**The data**
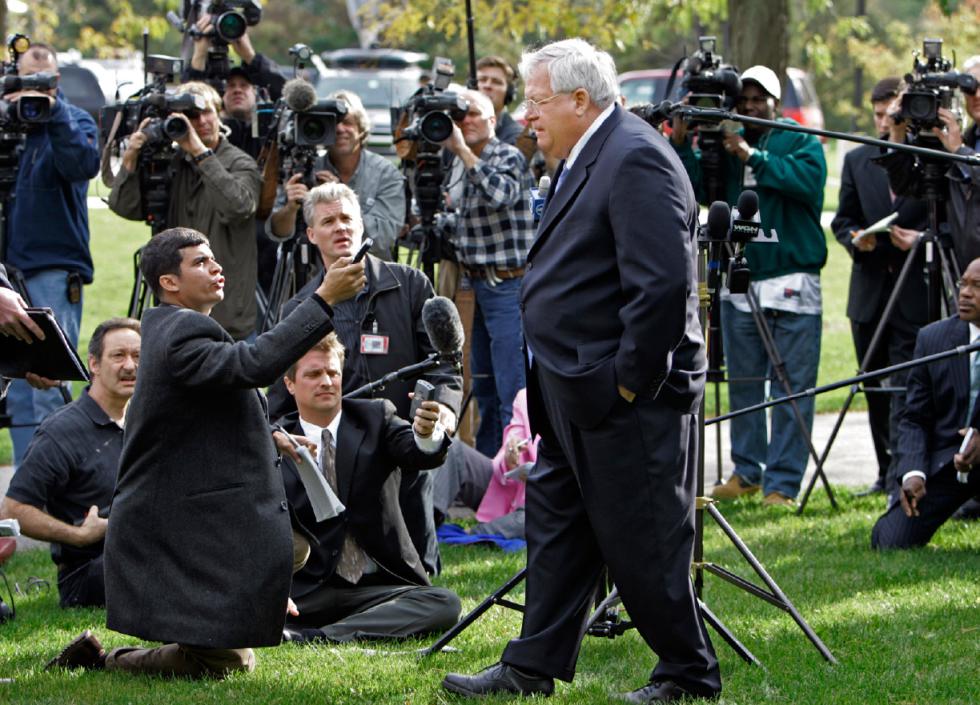 FILE - In this Oct. 10, 2006 file photo, House Speaker Dennis Hastert walks away from the media after answering questions in Aurora, Ill.  Hastert said he'll dismiss anyone on his staff found to have covered up concerns about ex-Rep. Mark Foley's approaches to former pages. A newly unveiled indictment against Hastert released Thursday, May 28, 2015,  accuses the Republican of agreeing to pay $3.5 million in hush money to keep a person from the town where he was a longtime schoolteacher silent about "prior misconduct."   (AP Photo/M. Spencer Green, File) - M. Spencer Green | AP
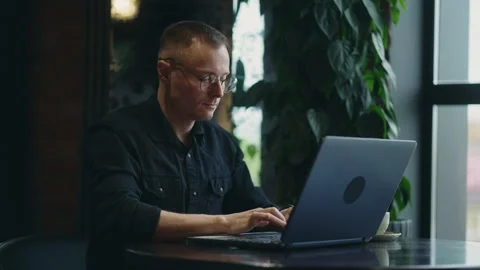 Programmer Freelancer Working Online In Cafe, Remote Job For High-Skilled IT Stock Footage 243311463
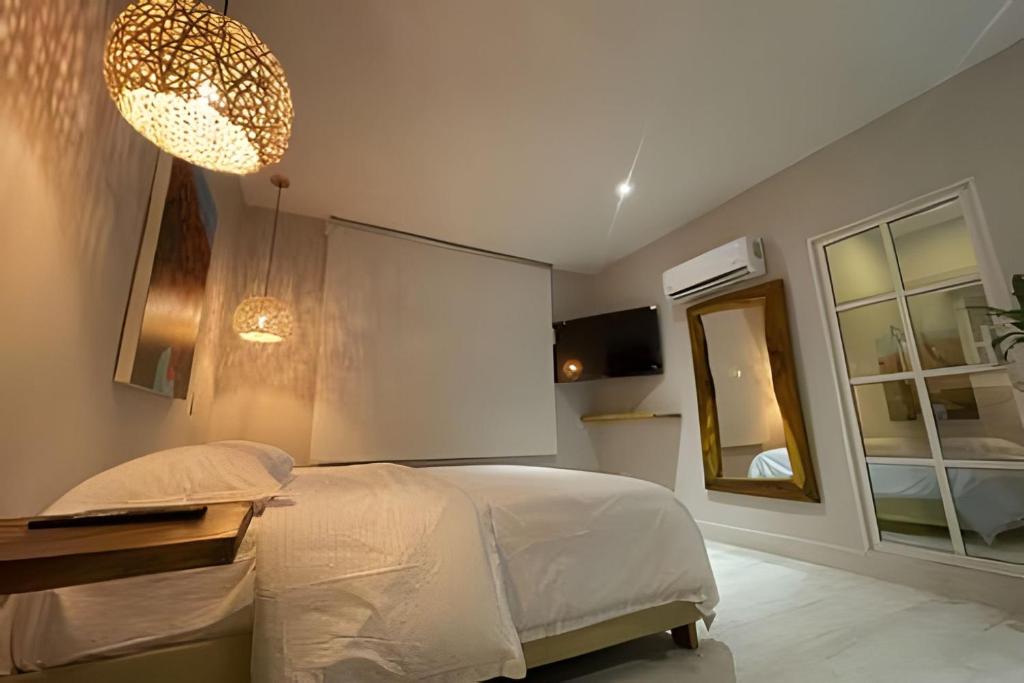 Postel nebo postele na pokoji v ubytování Marmulata Lofts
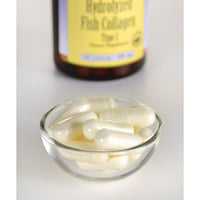 Miniatura di un flacone di Collagene Marino - 400 mg 60 capsule di Swanson accanto a una ciotola di vetro.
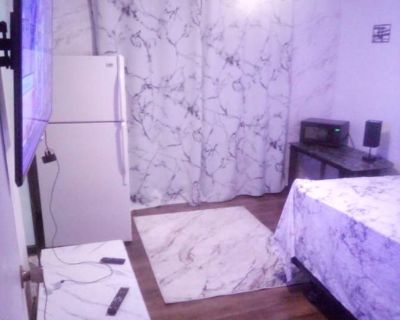 Available on: now. Furnished. Parking available * Internet included * Students welcome * 40+ years welcome. Renting now spacious furnished private master bedroom for rent, featuring its own private bathroom and exclusive amenities. The room boasts a full-size refrigerator, wall-mounted TV with Fire Stick, WiFi, ceiling fan, bed, microwave, and two walk-in closets. Enjoy a peaceful and quiet env...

**To do**
All of the entries above should be copied exactly, with the images left out.

**Reply**
 FILE - In this Oct. 10, 2006 file photo, House Speaker Dennis Hastert walks away from the media after answering questions in Aurora, Ill.  Hastert said he'll dismiss anyone on his staff found to have covered up concerns about ex-Rep. Mark Foley's approaches to former pages. A newly unveiled indictment against Hastert released Thursday, May 28, 2015,  accuses the Republican of agreeing to pay $3.5 million in hush money to keep a person from the town where he was a longtime schoolteacher silent about "prior misconduct."   (AP Photo/M. Spencer Green, File) - M. Spencer Green | AP
 Programmer Freelancer Working Online In Cafe, Remote Job For High-Skilled IT Stock Footage 243311463
 Postel nebo postele na pokoji v ubytování Marmulata Lofts
 Miniatura di un flacone di Collagene Marino - 400 mg 60 capsule di Swanson accanto a una ciotola di vetro.
 Available on: now. Furnished. Parking available * Internet included * Students welcome * 40+ years welcome. Renting now spacious furnished private master bedroom for rent, featuring its own private bathroom and exclusive amenities. The room boasts a full-size refrigerator, wall-mounted TV with Fire Stick, WiFi, ceiling fan, bed, microwave, and two walk-in closets. Enjoy a peaceful and quiet env...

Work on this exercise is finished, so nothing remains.